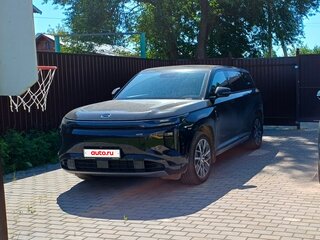 2026 GAC S7, чёрный, 5590000 рублей, вид 1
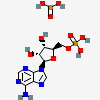 an image of a chemical structure CID 146029490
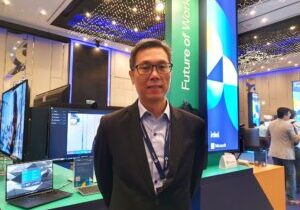 Dell Technologies Breakthrough 2022 mak chin wah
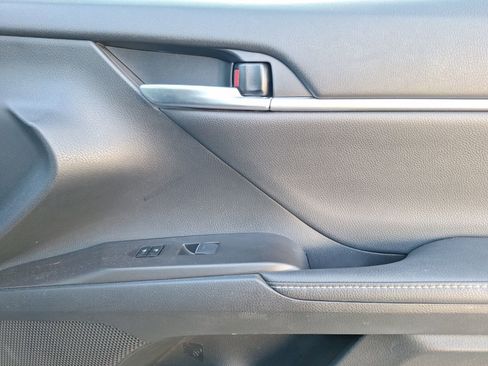 Used 2023 Toyota Camry XSE image 35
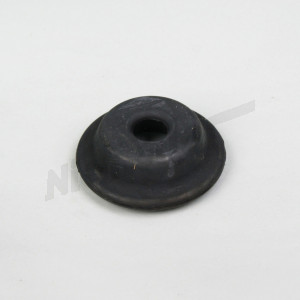 D 22 093 - rubber buffer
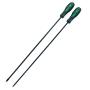 screw driver set 2 pieces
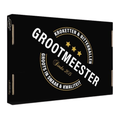 Grootmeester bourgondische bitterbal (54x30 gram)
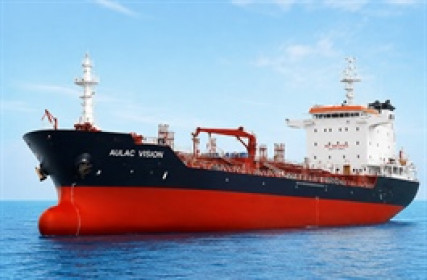Hãng tàu Âu Lạc tăng giá cước 30% vì căng thẳng Trung Đông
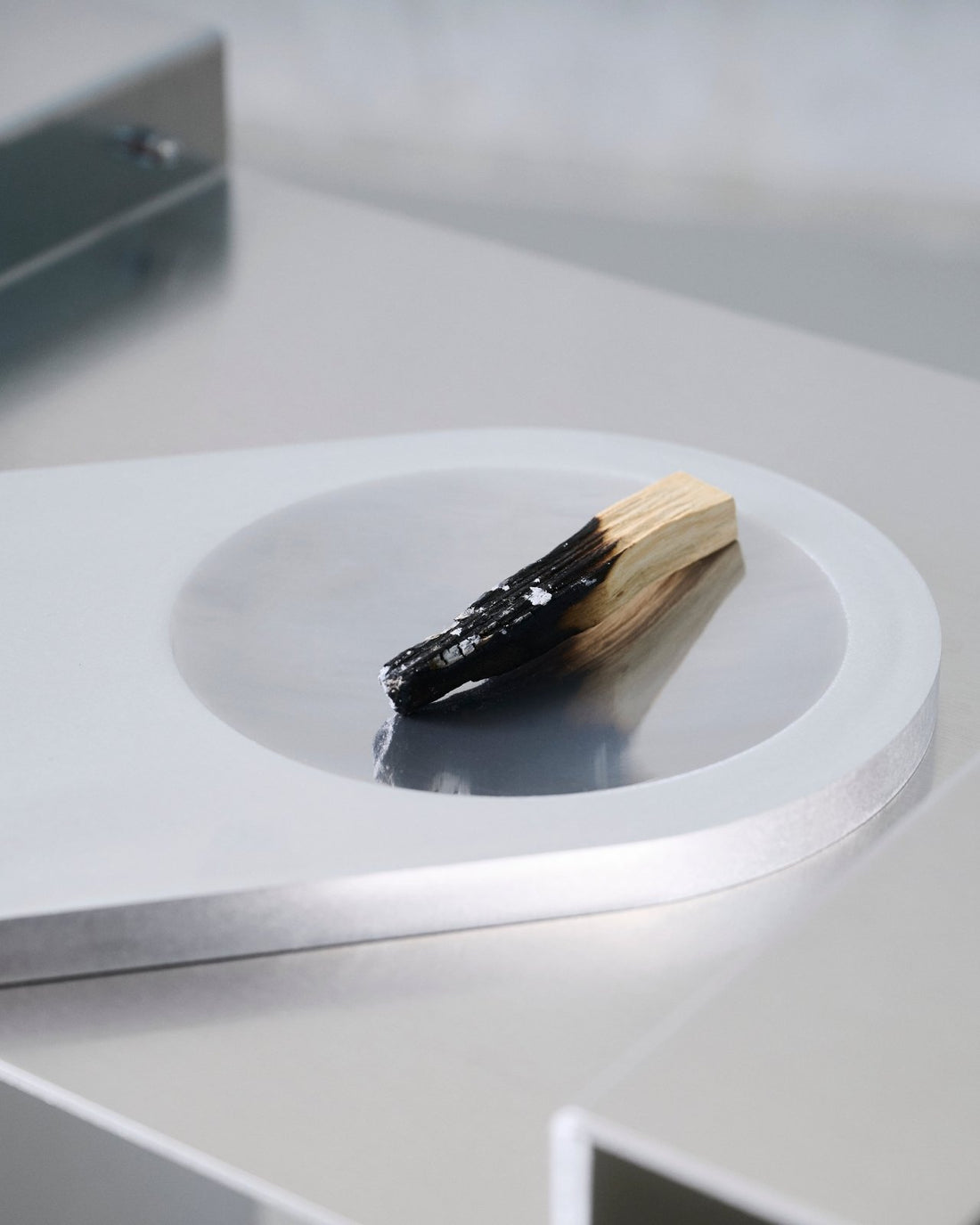 Flight Mode Tray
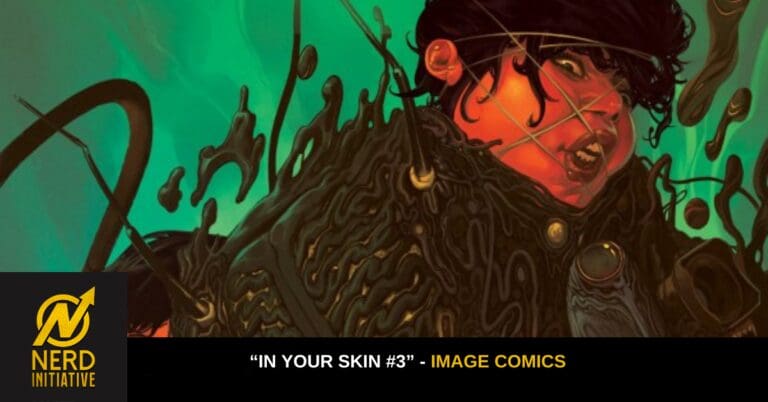 “In Your Skin #3” – Stabs & Jabs Under Your Skin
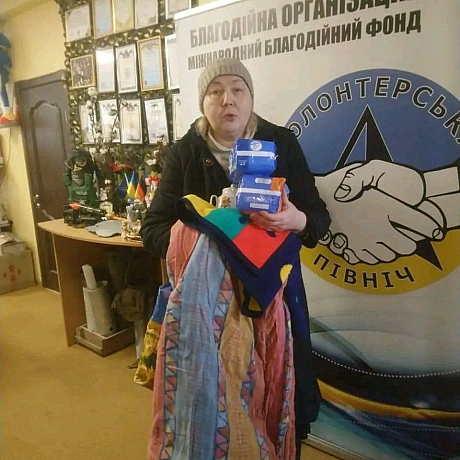 Вчора наш Банк одягу відсвяткував своє відкриття у новому році! Було так приємно бачити, як багато людей обирають собі речі, як... - Волонтерська північ на we.ua
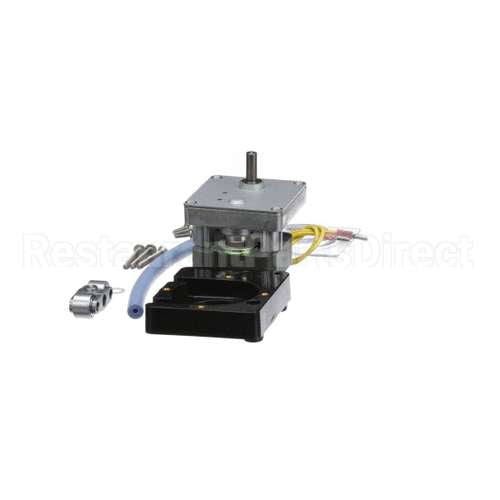 00815.20 Cma 60E Peri Pump Complete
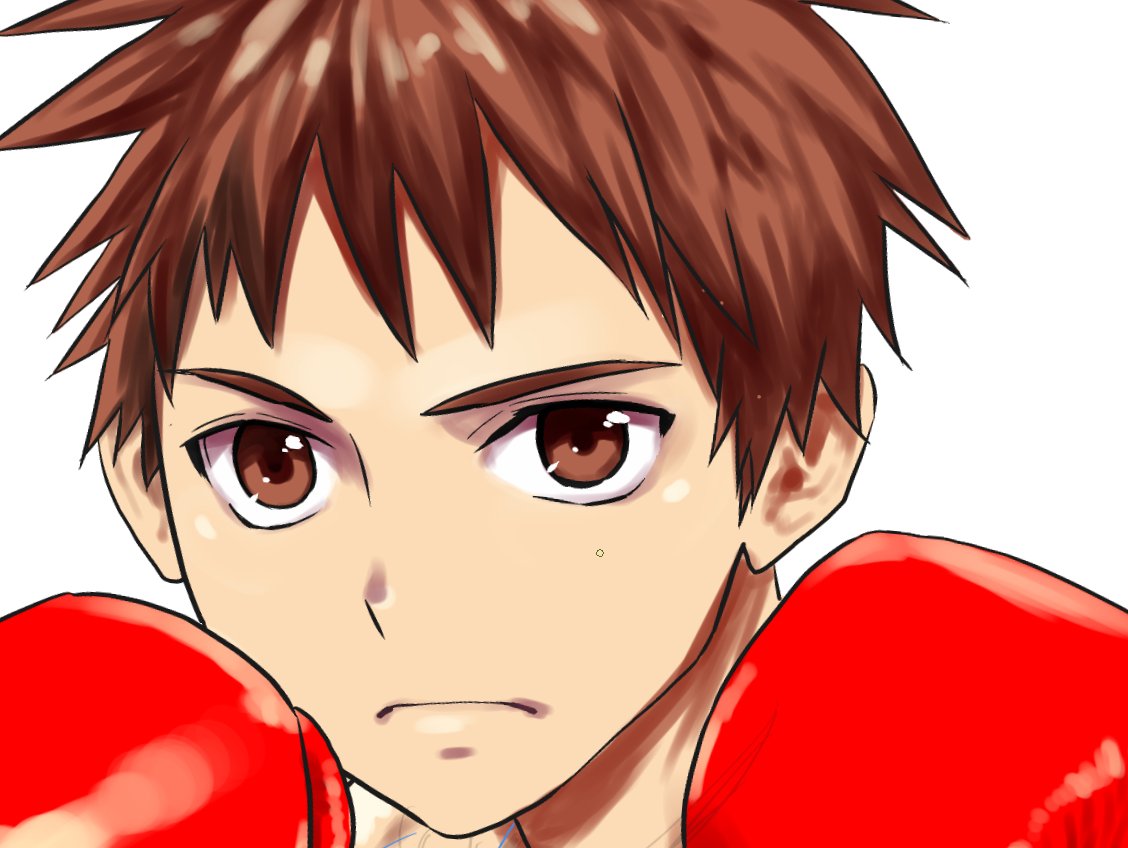 wip 誰得か解らない差分を作ってるので.たぶん女子も作る(女子を描かないと不安病) 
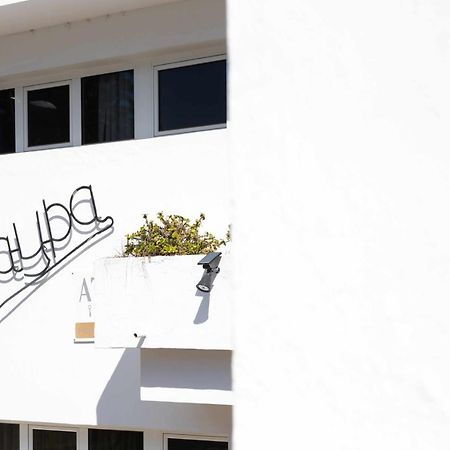 Apartamento Maypa 1 Calma San Bartolomé Esterno foto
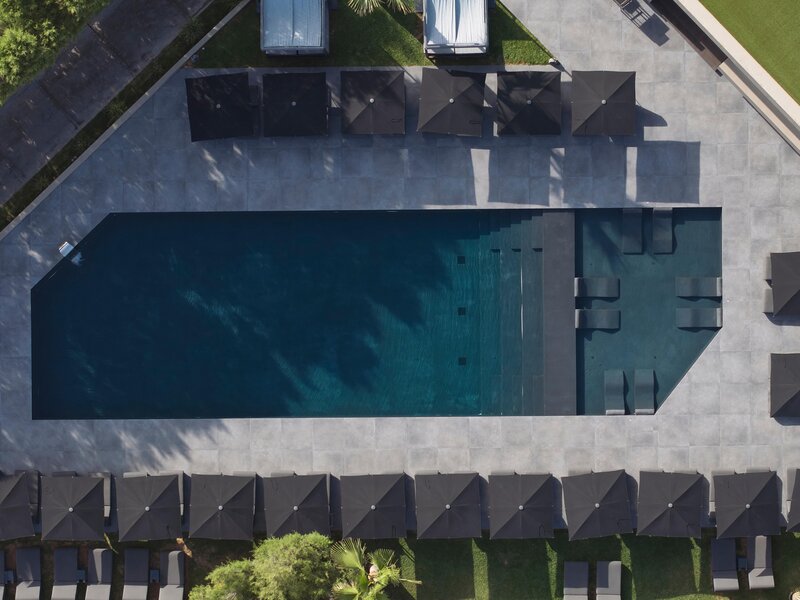 Elysium Boutique Hotel - Erwachsenenhotel 47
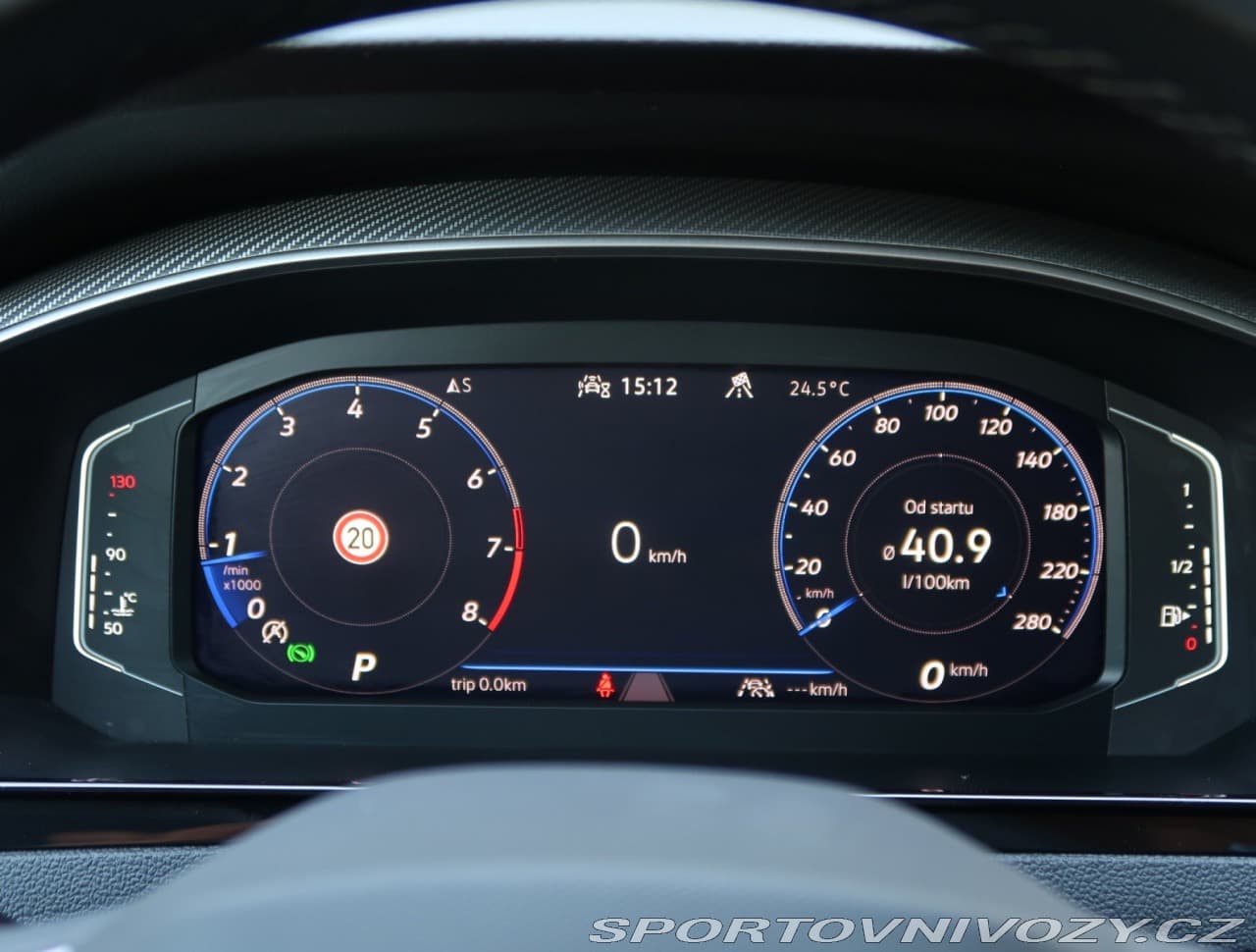 2023 Volkswagen ARTEON - 11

Try it:
Set down the entries word for word, omitting all pictures.

Result below:
 2026 GAC S7, чёрный, 5590000 рублей, вид 1
 an image of a chemical structure CID 146029490
 Dell Technologies Breakthrough 2022 mak chin wah
 Used 2023 Toyota Camry XSE image 35
 D 22 093 - rubber buffer
 screw driver set 2 pieces
 Grootmeester bourgondische bitterbal (54x30 gram)
Hãng tàu Âu Lạc tăng giá cước 30% vì căng thẳng Trung Đông
 Flight Mode Tray
 “In Your Skin #3” – Stabs & Jabs Under Your Skin
 Вчора наш Банк одягу відсвяткував своє відкриття у новому році! Було так приємно бачити, як багато людей обирають собі речі, як... - Волонтерська північ на we.ua
 00815.20 Cma 60E Peri Pump Complete
 wip 誰得か解らない差分を作ってるので.たぶん女子も作る(女子を描かないと不安病) 
 Apartamento Maypa 1 Calma San Bartolomé Esterno foto
 Elysium Boutique Hotel - Erwachsenenhotel 47
 2023 Volkswagen ARTEON - 11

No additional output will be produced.